Li Yan, Wang Jun-de, Chen Zuo-ru, Zhou Xue-tie, Huang Zhong-hua
Laboratory of Advanced Spectroscopy, Nanjing University of Science and Technology, Nanjing 210014, China.
Guang Pu Xue Yu Guang Pu Fen Xi. 2002 Oct;22(5):758-60.

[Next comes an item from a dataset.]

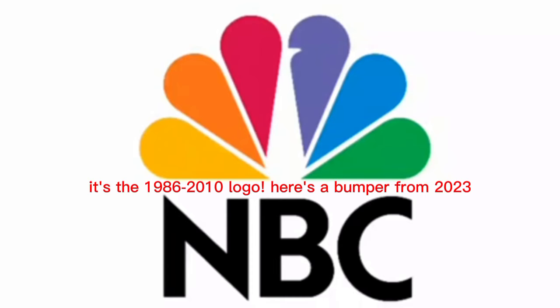The logo got similar in 2022. It's the 1986 to 2010 logo. Here's a bumper from 2023.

The concentration determination abilities of four multivariate calibration methods--classical least squares (CLS), partial least squares (PLS), kalman filter method (KFM) and artificial neural network (ANN) were compared in this paper. Five air toxic organic compounds--1,3-butadiene, benzene, o-xylen, chlorobenzene, and acrolein--whose FTIR spectra seriously overlap each other were selected to compose the analytical objects. The evaluation criterion was according to the mean prediction error (MPE) and mean relative error (MRE). Results showed that PLS was superior to other methods when treating multicomponent analysis problem, while there was no comparable difference between CLS, KFM and ANN.
本文比较了四种多元校准方法——经典最小二乘法(CLS)、偏最小二乘法(PLS)、卡尔曼滤波法(KFM)和人工神经网络(ANN)的浓度测定能力。选择了五种空气中有毒有机化合物——1,3-丁二烯、苯、邻二甲苯、氯苯和丙烯醛,它们的傅里叶变换红外光谱严重重叠,以此构成分析对象。评价标准依据平均预测误差(MPE)和平均相对误差(MRE)。结果表明,在处理多组分分析问题时,PLS优于其他方法,而CLS、KFM和ANN之间没有显著差异。